Bis Dezember 2023 ist der Marienaltar im Stift für die Öffentlichkeit zugänglich.

Im vergangenen Jahr ergänzte das Anfang Juli 2022 geweihte Cranach-Triegel-Retabel auf dem Marienaltar im Westchor fünf Monate lang das spirituelle Bild des Naumburger Doms. Am 5. Dezember 2022 wurde es abgebaut, um im Rahmen einer temporären Reise an anderen Orten ausgestellt zu werden. Die erste Station war Paderborn vom 16. Dezember 2022 bis zum 12. Juni 2023. Über 10.000 Besucher kamen ins Diözesanmuseum, um dort den Altar zu bestaunen. Die zweite Station der Reise des Altars ist nun bis Dezember das Stift Klosterneuburg. In dem Zeitraum der Ausstellungsreise wollen die Vereinigten Domstifter weiter konstruktive Gespräche mit allen Beteiligten zum Schicksal des Altars im Naumburger Dom führen.

Hintergrundinformationen

Das Projekt „Triegel trifft Cranach“

Das in den ersten Anfängen seit Oktober 2019 von den Vereinigten Domstiftern initiierte und inhaltlich von der Evangelischen Kirchengemeinde Naumburg mitgetragene und von den Bischöfen der Evangelischen Kirche Mitteldeutschlands und des katholischen Bistums Magdeburgs lebhaft unterstützte Vorhaben hatte zum Ziel, die spirituelle Anziehungskraft des Naumburger Doms zu erhöhen und einen wichtigen Impuls für die Ökumene zu setzen. Das 1519 von Lucas Cranach d. Ä. für den Marienaltar im Westchor geschaffene Altarretabel wurde infolge eines gezielten Bildersturms seines Mittelteils mit der Darstellung Marias beraubt. Erhalten blieben die beiden Seitenflügel.

Durch den Leipziger Künstler Michael Triegel wurden eine neue Mitteltafel sowie zwei Predellen geschaffen, um das Retabel wieder liturgisch in den Dienst der Verkündigung zu stellen und ein Zeichen für die Überwindung der im 16. Jahrhundert entstandenen Kirchenspaltung zu setzen.
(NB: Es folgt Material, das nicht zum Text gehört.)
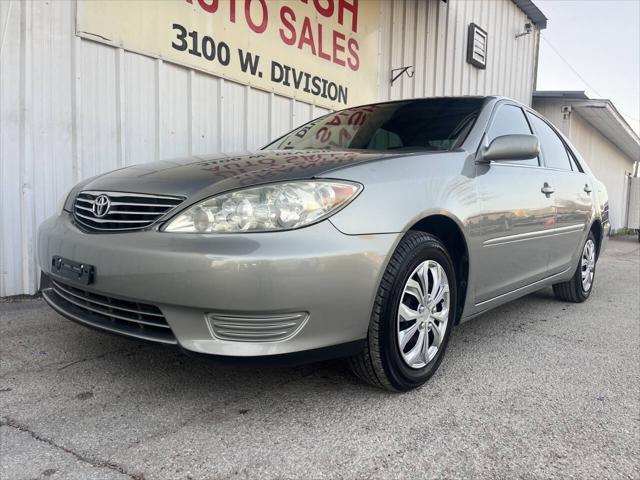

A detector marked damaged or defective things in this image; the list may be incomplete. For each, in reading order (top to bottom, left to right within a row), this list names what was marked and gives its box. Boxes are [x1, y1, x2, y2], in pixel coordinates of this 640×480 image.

pavement crack [0, 416, 144, 480]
Die am 3. Juli 2022 erfolgte Wiederaufstellung des Retabels zählt gegenwärtig zu den intensiv diskutierten Vorhaben im Bereich der Denkmalpflege und der zeitgenössischen Kunst. Berührt doch das Projekt zentrale Fragen im Umgang mit dem kulturellen Erbe sowie den stetig wechselnden Bedürfnissen und Anforderungen der Gegenwart. Besondere Bedeutung gewinnt das Thema durch den 2018 erreichten Welterbe Status des Naumburger Doms, der nach Auffassung von ICOMOS, dem beratenden Gremium der UNESCO, durch die Aufstellung des Retabels gefährdet sei.

Wie gestaltet sich das Verhältnis von denkmalpflegerisch motivierten Vorgaben mit der kirchlichen Widmung von Sakralräumen und den daraus abzuleitenden liturgischen Nutzungen? Inwieweit kann ein mobiles und reversibles Ausstattungsstück wie ein Retabel tatsächlich den Welterbstatus gefährden, noch dazu, wenn dieses für den Sakralraum Westchor geschaffen worden ist?

Diese und weitere Fragen wurden am 24. November 2022 auf einem wissenschaftlichen Kolloquium vor dem Hintergrund des künftigen Schicksals des Naumburger Marienaltares aufgeworfen. Renommierte Experten aus Wissenschaft, Denkmalpflege, Kirche und Kultur kamen zusammen, um zu dem Thema „Kirchliche Nutzung und Denkmalpflege – ein Gegensatz?“ zu diskutieren.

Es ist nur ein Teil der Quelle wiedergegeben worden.